Data to process -
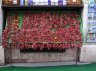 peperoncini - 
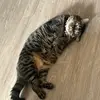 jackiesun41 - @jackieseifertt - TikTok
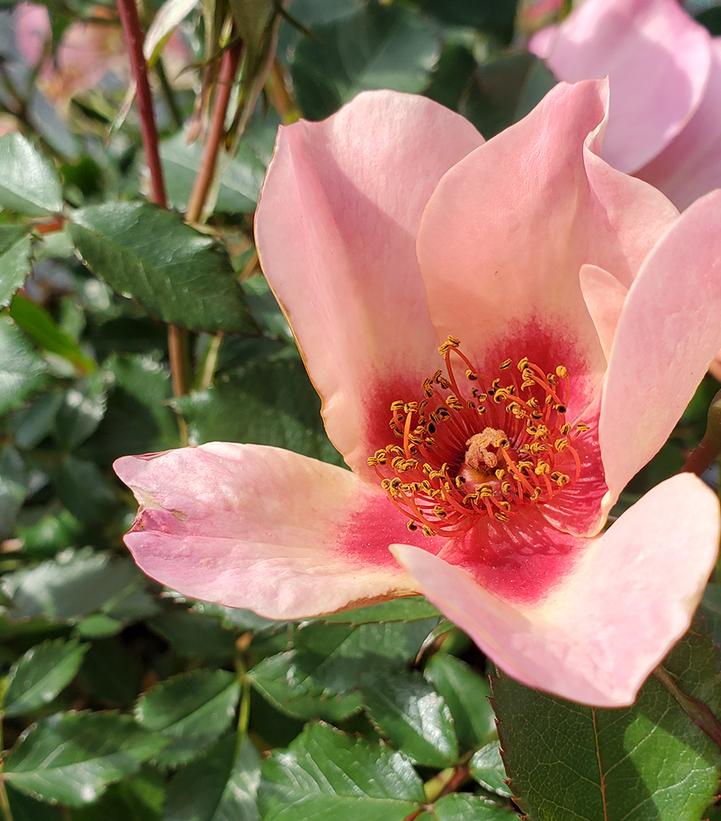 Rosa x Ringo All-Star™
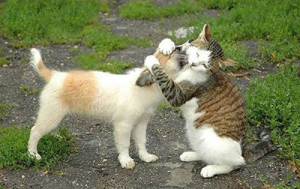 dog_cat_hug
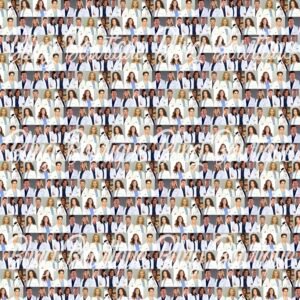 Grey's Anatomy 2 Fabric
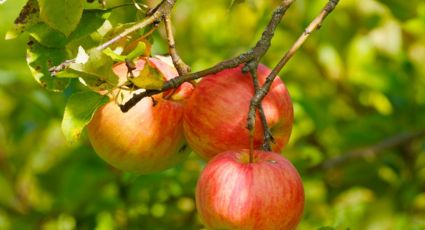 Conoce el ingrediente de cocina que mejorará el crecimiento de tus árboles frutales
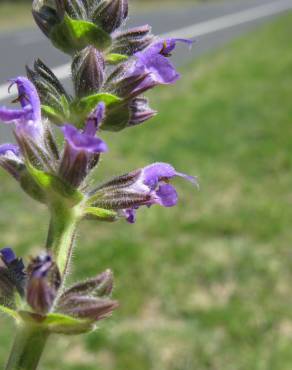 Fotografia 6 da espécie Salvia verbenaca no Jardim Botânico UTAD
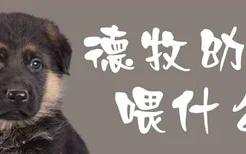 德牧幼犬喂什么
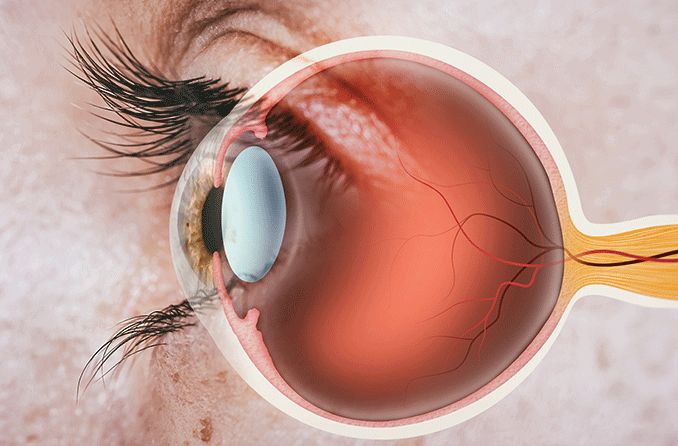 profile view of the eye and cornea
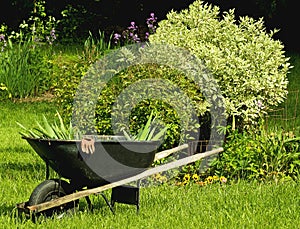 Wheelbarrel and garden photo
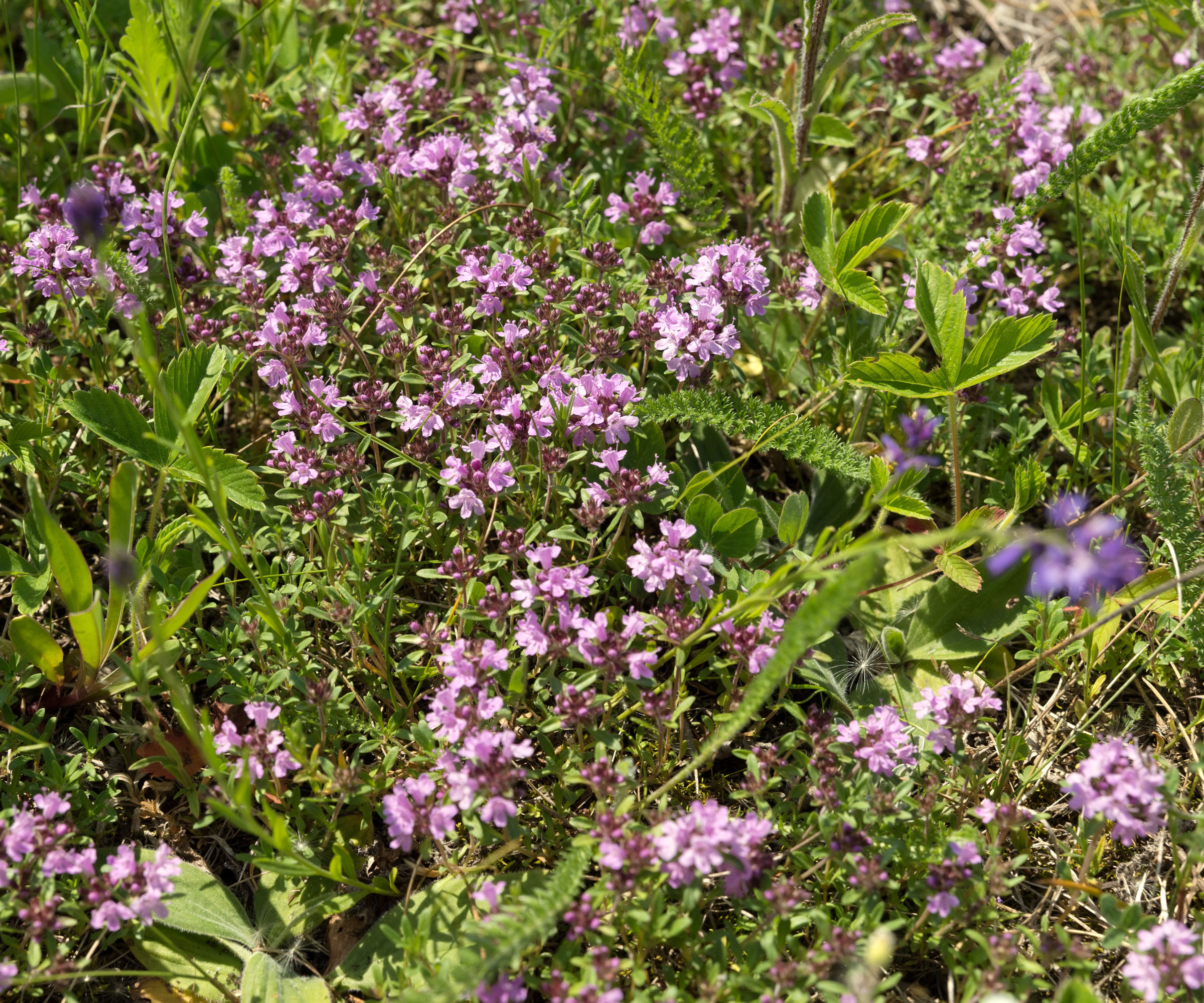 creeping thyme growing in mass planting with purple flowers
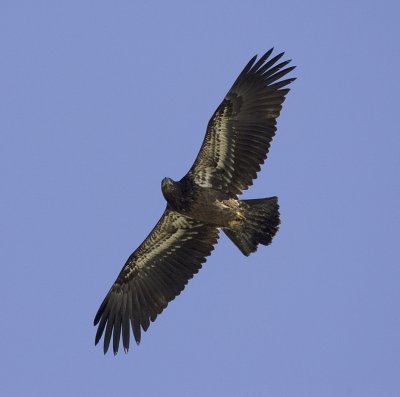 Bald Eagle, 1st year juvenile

Activity -
Print the records above verbatim, minus any pictures.

Answer to this task -
 peperoncini - 
 jackiesun41 - @jackieseifertt - TikTok
 Rosa x Ringo All-Star™
 dog_cat_hug
 Grey's Anatomy 2 Fabric
 Conoce el ingrediente de cocina que mejorará el crecimiento de tus árboles frutales
 Fotografia 6 da espécie Salvia verbenaca no Jardim Botânico UTAD
 德牧幼犬喂什么
 profile view of the eye and cornea
 Wheelbarrel and garden photo
 creeping thyme growing in mass planting with purple flowers
 Bald Eagle, 1st year juvenile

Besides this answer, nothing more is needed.